The good folks at freelancewriting.com published this article a few months ago, complete with genuine author attribution. No ghost writing here, nosirree. But we know many writers who have ghostwritten their way into bigtime careers.
by Karen Cole
Ghostwriters are writers for hire who are paid but receive none of the credit for the work produced.
There are generally two parties involve in this professional relationship:
- The “author,” who hires the freelance writer to produce content for an agreed upon fee, takes the credit for all the original work produced.
- The “ghost,” the freelance writer who is generally paid in advance of completing the job, gets the money as a “work for hire” job and assumes none of the credit for their ghostwriting work.
Reasons to Hire a Ghostwriter
Ghostwriting is a common practice, though it isn’t often publicized. When someone wants to create new copy for a website, a ghostwriter may be hired to rewrite existing copy. There are many similar jobs such as writing ad or business copy, or supplying new or rewritten material for personal or professional use. The ghost is hired primarily as a professional freelance writer, in order to produce high-quality writing copy that reads professionally.
A paid professional freelance writer is often the only source to turn to get sparkling, well-written website copy or other quality content. A ghost is hired to bring this about, either as an on staff writer or as a freelance writer who is paid specifically for the job at hand.

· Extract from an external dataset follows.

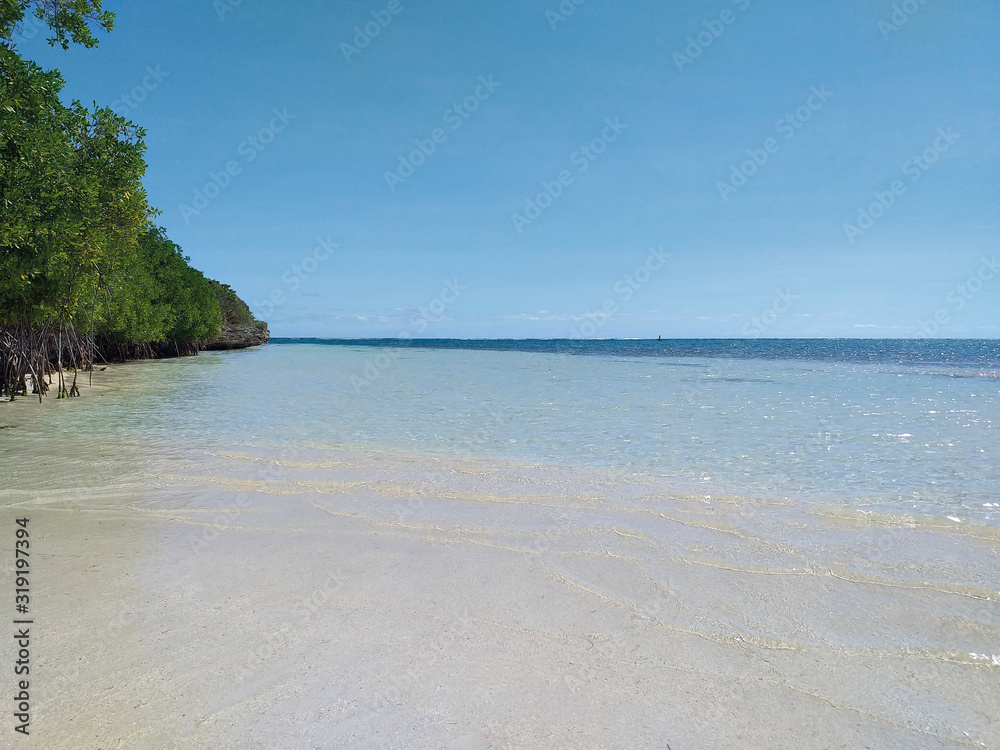 Transparent and turquoise waters of the Caribbean Sea. White sand beach and tropical blue sky. Paradise landscape. Martinique, French West Indies. Transparent and turquoise waters of the Caribbean Sea. White sand beach and tropical blue sky. Paradise landscape. Martinique, French West Indies.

Ghostwriters are also hired to write books for people. In such cases, the author of the book is the person who hires the ghostwriter, unless the book author wants to share some of the credit with the ghost. In this case, the ghost may be listed as a coauthor or as the “editor” of the book; generally, this is listed somewhere in the acknowledgments page.
Sometimes the well-known “As Told To” line with the name of the ghostwriter is included on the cover of a ghostwritten book. This is often the case when well-known ghostwriters are used by the books’ actual authors.